Provided material:
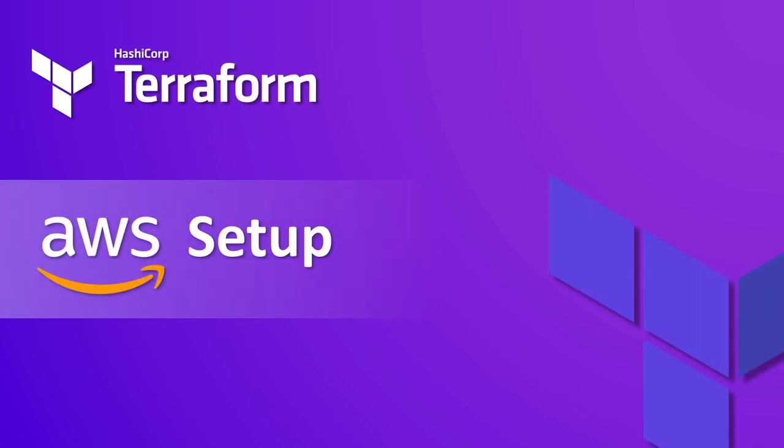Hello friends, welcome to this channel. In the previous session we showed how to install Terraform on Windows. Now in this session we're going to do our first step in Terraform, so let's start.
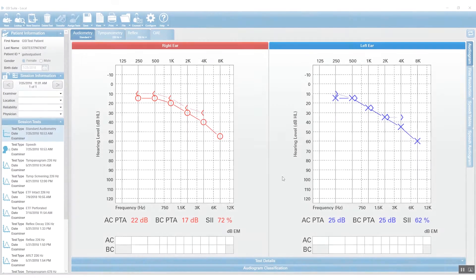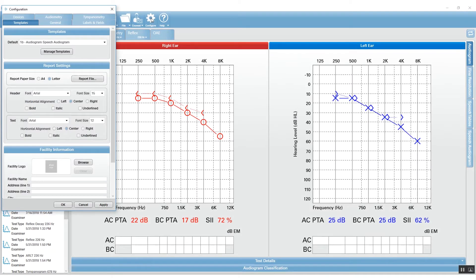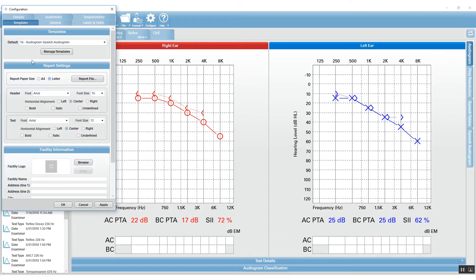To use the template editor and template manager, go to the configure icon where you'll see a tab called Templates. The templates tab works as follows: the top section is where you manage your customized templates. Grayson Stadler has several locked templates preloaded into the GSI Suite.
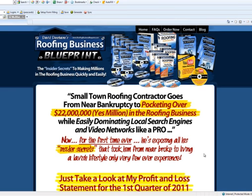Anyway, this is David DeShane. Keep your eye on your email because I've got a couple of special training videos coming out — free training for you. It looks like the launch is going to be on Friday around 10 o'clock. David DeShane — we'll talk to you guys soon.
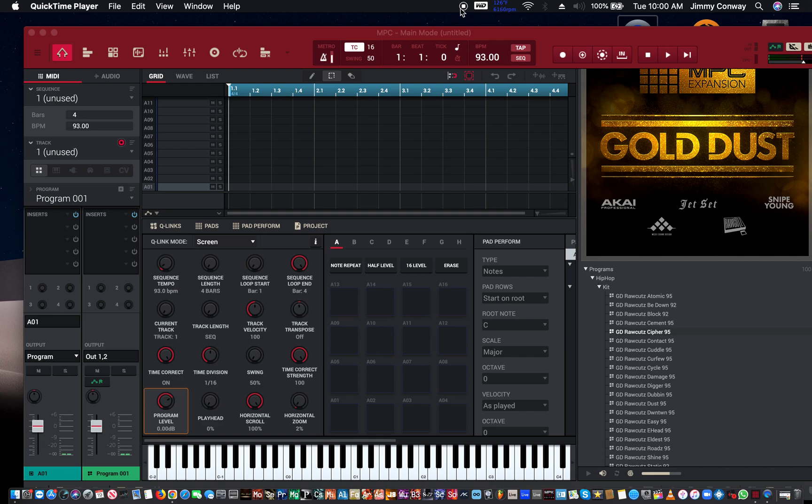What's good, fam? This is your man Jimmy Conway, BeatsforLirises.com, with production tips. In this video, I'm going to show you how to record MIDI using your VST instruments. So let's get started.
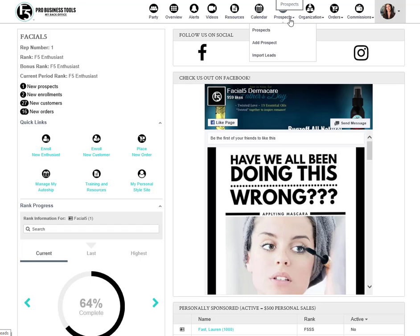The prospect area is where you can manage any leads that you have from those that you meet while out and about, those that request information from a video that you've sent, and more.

...

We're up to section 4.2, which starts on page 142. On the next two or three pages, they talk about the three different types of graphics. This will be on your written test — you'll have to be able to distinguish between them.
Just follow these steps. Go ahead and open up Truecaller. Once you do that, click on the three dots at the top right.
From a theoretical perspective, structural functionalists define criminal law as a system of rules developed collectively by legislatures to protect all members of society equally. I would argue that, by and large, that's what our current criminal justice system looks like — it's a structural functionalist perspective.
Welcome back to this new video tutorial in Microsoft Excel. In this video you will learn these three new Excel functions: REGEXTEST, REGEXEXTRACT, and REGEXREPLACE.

---

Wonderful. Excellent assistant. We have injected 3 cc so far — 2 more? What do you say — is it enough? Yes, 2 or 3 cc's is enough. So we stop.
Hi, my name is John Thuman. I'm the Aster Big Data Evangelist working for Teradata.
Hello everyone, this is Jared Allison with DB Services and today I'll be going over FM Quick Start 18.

Your instructions:
Look above for the line with "What's good, fam?" and the line with "The prospect area", then copy exactly the lines from the first through the second, both kept, with no pictures.

Solution for this problem:
What's good, fam? This is your man Jimmy Conway, BeatsforLirises.com, with production tips. In this video, I'm going to show you how to record MIDI using your VST instruments. So let's get started.
The prospect area is where you can manage any leads that you have from those that you meet while out and about, those that request information from a video that you've sent, and more.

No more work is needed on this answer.